The Hague Convention of 25 October 1980 on the Civil Aspects of International Child Abduction (hereinafter referred to as the "Hague Convention") is the main legal instrument in this field, as it is currently binding on 100 States (for more information, we invite you to read our article of 1 February 2022)
The most controversial issue before the cantonal courts was whether the mother, according to Greek law, could move to Switzerland with the children without the father's permission, since she had temporary sole custody of the children and the couple had been separated for years. The mother, on the other hand, obviously argued that the father's consent to the move abroad was not necessary because of her sole custody of the children.
The Swiss judge did not have to decide on the matter by applying Greek law, since on May 10, 2022 the Court of First Instance of Athens ruled that the move was illegal. Indeed, art. 14 THC 80 allows the authorities of the requested State to rely directly on a judicial or administrative decision formally recognized in the State of the child's habitual residence in order to determine the existence of an unlawful removal in the sense of art. 3 THC 80.
The Swiss judicial authority thus had to analyze the exceptions to return provided for in art. 13 THC 80, which were lacking in this case, before ordering the immediate return of the children to Greece, in accordance with art. 12 THC 80.
The decision of the cantonal court confirms the rigidity of THC 80, which was rightly designed to protect children from the harmful consequences of abduction by ensuring, among other things, that existing rights of custody and access in a contracting state are effectively respected. In this case, neither the rapid integration of the children in Switzerland nor their preference for this country could prevent their return to their country of habitual residence, Greece, since the law of that country had been violated.
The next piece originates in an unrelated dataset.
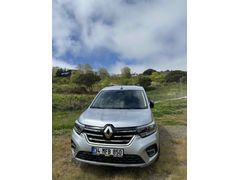 Sahibinden Renault Kangoo Multix 1.3 TCe Iconic 2024 Model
In her appeal to the Federal Court, the children's mother mainly contested the fact that the cantonal court based its decision (in the sense of art. 14 CLaH 80) on the Greek decision of May 10, 2022, which she claimed was null and void.
The Swiss Supreme Court's response to this complaint was clear: art. 14 THA 80 serves the principle of expediency that should apply to this type of case; its purpose is not to recognize a foreign decision in advance or to examine its conformity. Therefore, the cantonal authority had not violated federal law.
Moreover, the Federal Court confirmed its case law not only with regard to the restrictive application of the exceptions to return (art. 13 CLaH 80) but also with regard to the burden of proof and the requirement to state reasons (art. 42 para. 2 FSCA).
In the present case, the complaints raised by the appellant were of a purely appellatory nature or expressed her point of view, but did not show precisely in what way the cantonal court had violated the law.
The appeal was therefore dismissed.
The children, represented by a lawyer of their choice and not by the curator who had been appointed in the cantonal proceedings, also appealed to the Federal Court.
However, the appeal was declared inadmissible. Indeed, lacking the capacity of discernment regarding the dispute between the parents, which had been determined by the cantonal court, the appellants could not free themselves from the services of their curator in order to mandate a lawyer of their choice.
After seven months of legal battle, for a dispute which proved to be very delicate not only for its nature but also for the tense relations between the parties, we welcomed the decision of the Federal Court. Justice has been rendered for a father whose rights were violated!